United States of America, v. Eric Cook, Appellant, 950 F.2d 797 (D.C. Cir. 1991)Annotate this Case
Before MIKVA, Chief Judge, and SILBERMAN and RANDOLPH, Circuit Judges.
This case was considered on the record from the United States District Court for the District of Columbia and on the briefs and arguments of the parties. The arguments have been accorded full consideration by the court and occasion no need for a published opinion. See D.C. Cir. Rule 14(c).

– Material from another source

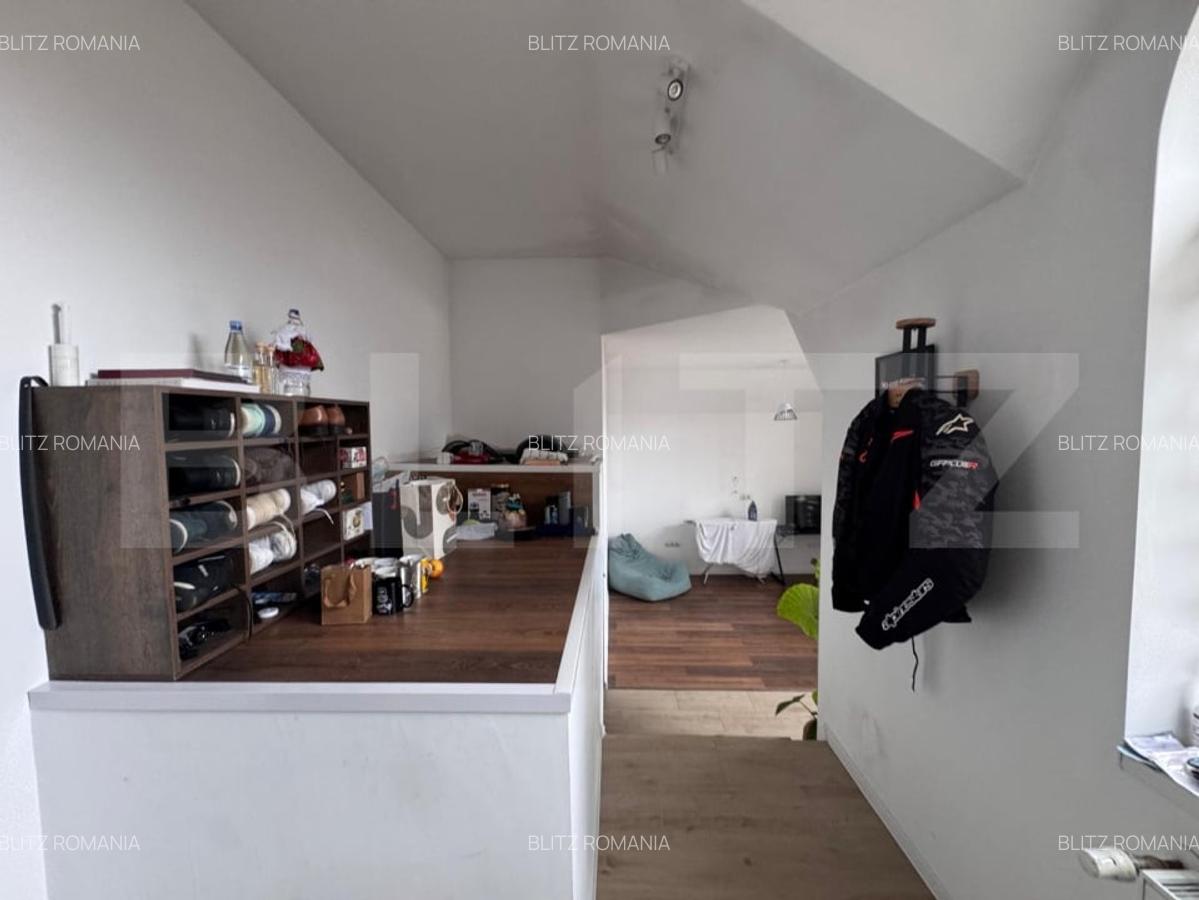 Casa spatioana de 361 mp utili, regim D+P+M, teren de 1366 mp , Dambu Rotund - 15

Appellant Eric Cook argues that an officer could not reasonably have suspected that he was armed after noticing a bulge in his sweatshirt. We disagree. "Once the officer had seen the bulge," Judge Penn found, "he certainly had a right to ask Mr. Cook to step out of the car for their own safety. When Mr. Cook stepped out of the car, the officer had a right to pat him down." In Pennsylvania v. Mimms, similarly, the "bulge in the jacket permitted the officer to conclude that [appellant] was armed and thus posed a serious and present danger to the safety of the officer. In these circumstances, any man of 'reasonable caution' would likely have conducted the 'pat down.' " 434 U.S. 106, 112 (1977). We need not reach Mr. Cook's argument that the search falls short of the "plain touch" standards enunciated in United States v. Williams, 822 F.2d 1174, 1884 (D.C. Cir. 1987), since we think it was justified by Terry v. Ohio, 392 U.S. 1 (1968). Once the officer frisking Mr. Cook felt an object that might reasonably have been a weapon, it was permissible for the officer to reach into Mr. Cook's sweatshirt and withdraw the object into plain view, where it became apparent that the object was actually contraband.
ORDERED and ADJUDGED that appellant's conviction be affirmed.